## Provided records
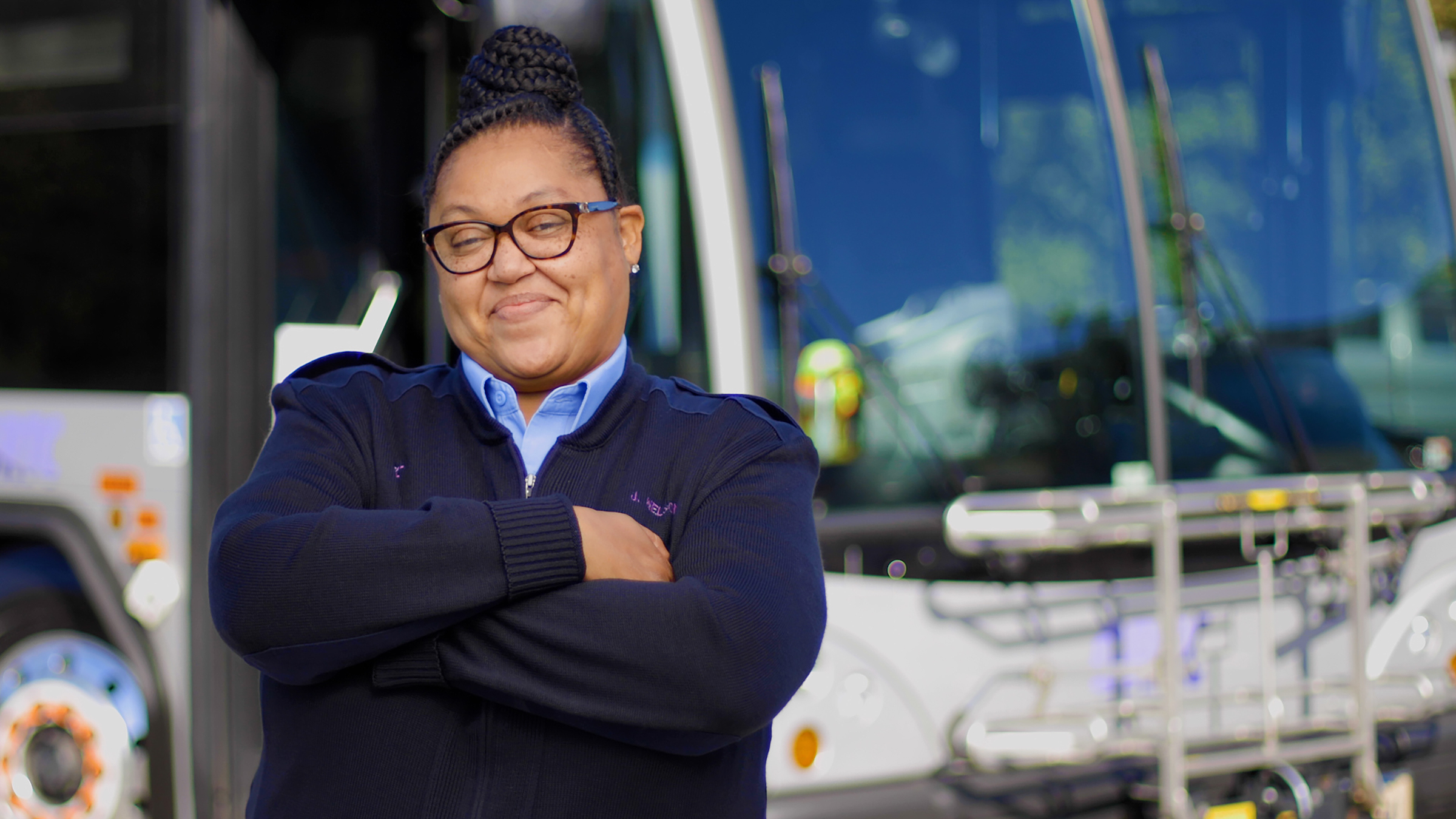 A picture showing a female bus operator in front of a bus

---

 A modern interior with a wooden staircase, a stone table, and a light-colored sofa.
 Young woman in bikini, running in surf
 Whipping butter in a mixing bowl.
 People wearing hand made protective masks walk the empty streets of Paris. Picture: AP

---

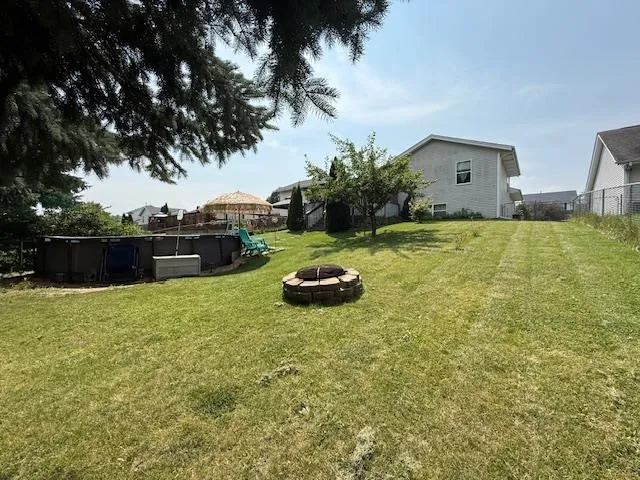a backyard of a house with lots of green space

## Task objective
In the listing above, locate the line with "Young woman in bikini, running in surf" and the line with "People wearing hand", then extract exactly those lines and every line between them, and nothing more.

## Response to the task
 Young woman in bikini, running in surf
 Whipping butter in a mixing bowl.
 People wearing hand made protective masks walk the empty streets of Paris. Picture: AP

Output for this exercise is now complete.